Sebaliknya, di sektor tradable,
pertambangan dan penggalian hanya tumbuh 1,94%, pertanian 4,27%, dan
industri pengolahan 5,81%. Padahal, sektor tradable merupakan sektor
padat karya yang menyerap lebih dari separuh angkatan kerja yang
berjumlah 110,8 juta orang.
Kedua, tingginya jumlah
pekerja di sektor informal. Meski pemerintah mengklaim tingkat
pengangguran terbuka turun hingga 6,14%, dalam komposisi angkatan kerja,
pekerja informal masih mendominasi dengan jumlah hingga 62,7%.
Ketiga, jurang
kesenjangan ekonomi kian menganga. Itu ditunjukkan meningkatnya
koefisien rasio Gini. Koefisien Gini 2012 mencapai 0,41, meningkat dari
tahun-tahun sebelumnya yang berada di bawah 0,4.

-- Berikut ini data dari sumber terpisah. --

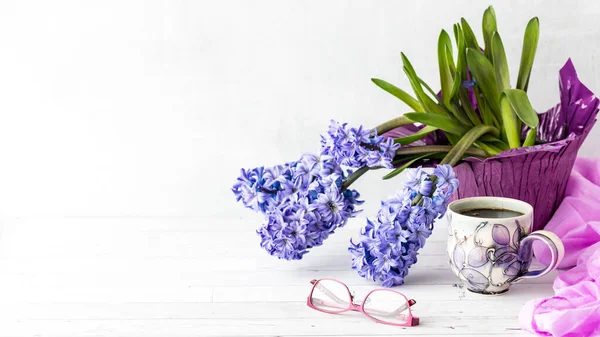 A still life of purple Hyacinth flower blooms with a cup of coffee in front and copy space to the left.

Ketimpangan ekonomi bisa dilihat dari
jomplangnya jumlah orang kaya dan miskin. Majalah Forbes mencatat 40
orang terkaya di Indonesia pada 2012 yang bergelimang harta hingga
US$88,6 miliar. Bandingkan dengan jumlah orang miskin yang menurut data
Badan Pusat Statistik per Maret 2012 mencapai lebih dari 30 juta orang
dengan pengeluaran cuma sekitar Rp240 ribu per orang per bulan.
Indikator-indikator kerapuhan fondasi
bangunan ekonomi itu sejatinya menunjukkan tidak berkualitasnya
pertumbuhan ekonomi Indonesia. Kita cenderung mengejar pertumbuhan,
tetapi mengabaikan pemerataan.
Berbagai indikator kerapuhan ekonomi itu
semestinya tidak lantas membuat pemerintah panas telinga. Justru dengan
indikator itu, pemerintah bisa segera mengambil langkah-langkah
meningkatkan kualitas pertumbuhan ekonomi, misalnya dengan mengutamakan
pengembangan sektor padat karya.
Dengan perkataan singkat, pemerintah
harus menjadikan kritik tentang rapuhnya fondasi ekonomi sebagai
penyeimbang agar tidak overconfident, tidak terlena dengan indahnya
prediksi angka pertumbuhan ekonomi.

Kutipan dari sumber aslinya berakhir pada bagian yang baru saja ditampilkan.